Jonathan Boakes 'plays Misty for us' - mist is wafting around the corners of the Cornish fishing village Trewarthan at an April night of the year 1912, as horror fans like it. The cartographer Benjamin Parker was sent here, in order to illustrate the area, which is apparently very dangerous, because some fishermen have already disappeared. And Parker gets something to do - imagine, not even the lighthouse of the nearby island Fetch Rock is plotted on the existing maps!
In the middle of the night the doctor of the town sends him on a mysterious mission to this lighthouse, where 3 lighthouse guards should be on duty. We don't receive more information than the fact that mysterious things are going on there ...
Honestly, would you do that? If Dr. Demarion wants to spy after the lighthouse guards, he should kindly do that himself - I would weasel into my warm bed until the next morning. But Parker actually makes for Fetch Rock with a boat in darkness and fog - what means zero view on the water - and reaches the island.
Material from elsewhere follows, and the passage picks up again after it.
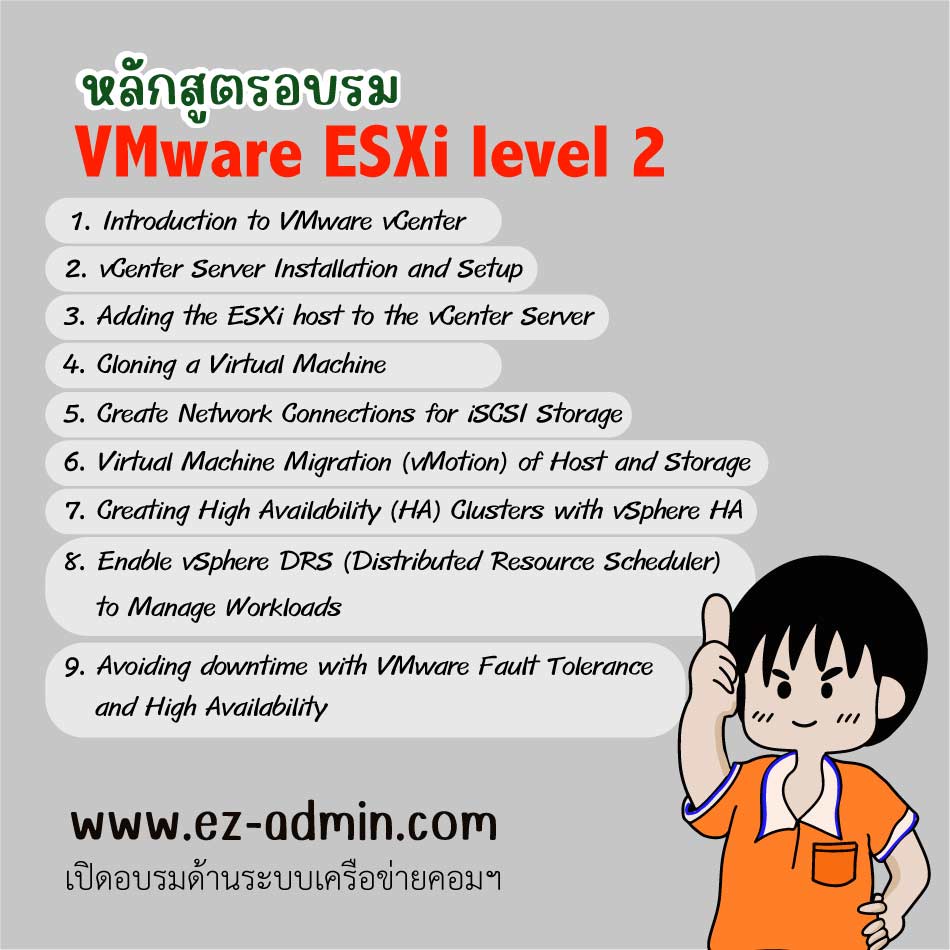 หลักสูตร VMware Level 2 (VMware vCenter Server & High Availability (HA) Clusters) รูปที่ 3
The lighthouse is dark and abandoned. Although the found evidence lets assume that the 3 guards only just disappeared - where have they gone? Parker examines their bequest and finds recordings about the mysterious occurrences of the last days. In addition he doesn't seem to be quite alone. Again and again he hears noises, mysterious whispered words or music, briefly said the lighthouse seems to be haunted.
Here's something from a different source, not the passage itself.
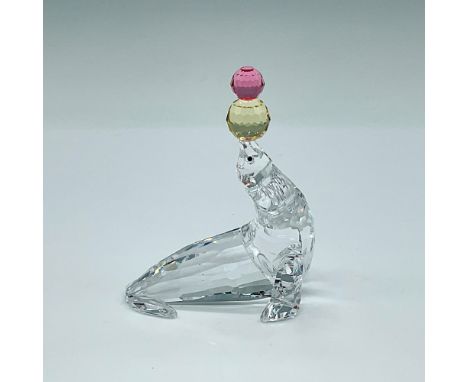 Part of the Cheerful Times theme group. Lead clear crystal seal playfully juggling two crystal balls on its nose. Swarovski e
Thus beware, if you should decide to follow Parker to enter the secrets of Fetch Rock, then you perhaps might be missed soon by your family too ... because this adventure game has an extremely exciting and surprising story, that will tie you to the monitor.
If that could be possible, then Jonathan Boakes created a still more thrilling atmosphere, than in his first game. The sound effects can't be more exciting, from quietly resounding steps over harrumphing in the very dark proximity up to an electrifying sudden laughter. And it happens always exactly when we are least looking out for it. The exact timing requires an excellent knowledge of the players. That is really superb! Silence of the Lambs was yesterday - today Dark Fall 2 - Lights Off/Out sets the benchmark of thriller-sounds. And Boakes sticks to the traces of the likewise minimalistic working John Carpenter, so that not only the location ("The Fog") evokes memories, which is probably just as intended as it is skillfully used.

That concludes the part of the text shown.